This is excellent and exactly what I've been looking for to do instructions for use on a file I've created.

Is it possible to embed the video in a userform etc so the user can perform actions on different tabs file while the video is playing?

----------


## abousetta

You can easily accomplish this with a web browser embedded in the userform.

abousetta

----------


## jdlc

this amazing abousetta! thanks

----------


## abousetta

Glad you liked it. Some people have done some amazing things with the web browser in a userform including showing images, different cell contents, etc. (especially when used with Excel's camera feature).

Good luck.

abousetta

----------


## WorldBridge

Thanks a ton abousetta!  That is exactly what I needed.  

I know I can copy and paste the userform you created in the file but could you describe briefly how to do this myself?
Or point me in the right direction?

----------


## abousetta

It is as simple as adding anything to a userform (e.g. textbox, picture, etc.). Right click in the userform's toolbox (the popup menu that has all the objects you can add to a userform) >> additional controls >> Microsoft Web Browser. A small little globe icon will appear along with all the standard objects you can use. Just click on it and use it as you would any other object. The most basic command as you can see from my example is to navigate to a site, but you can also set up buttons to send you to the default home page on IE, back, etc. as you would in IE.

abousetta

----------


## WorldBridge

I don't see 'additional controls' in the userform's toolbox...
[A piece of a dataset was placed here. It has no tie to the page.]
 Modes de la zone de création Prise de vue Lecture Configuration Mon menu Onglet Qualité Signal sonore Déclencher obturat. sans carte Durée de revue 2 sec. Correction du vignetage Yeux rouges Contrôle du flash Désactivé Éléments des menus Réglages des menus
I can see it in the Excel ribbon Developer >> Controls >> Insert 
but where can I find it in Visual Basic?  Is it missing because I have 2007?

----------


## abousetta

The 'additional controls' option only appear when your right click in the empty space in the toolbox (not the ribbon).

abousetta

----------


## WorldBridge

AHA! Thanks a ton!

Now I have one last problem and let me know id I need to start a new thread for this:
I want this userform to be visible while allowing the user to perform actions like click buttons, change sheets, and run macros.

Can the video userform be run on a different thread or am I thinking too much like Java?

----------


## abousetta

Here's an example showing two userforms that will pop up and each will not interfere with the other nor will they interfere with work on the worksheets. The secret is using DoEvents to pause the looping code and to load the userforms as vbmodeless (default is mode).

abousetta

----------


## WorldBridge

Perfect.  I can now take over the world! MUAHAHAHAHA

Thank you, you're help has been exceptional.

Out of curiosity: what does modeless vs mode do?

----------


## abousetta

If the userform is mode then it will be like a msgbox. You can't do anything in Excel or any other userform while the original userform (mode) is visible. Modeless allows you to interact with other Excel objects (e.g. worksheet) while the userform is loaded and visible.

Hope this helps.

abousetta

----------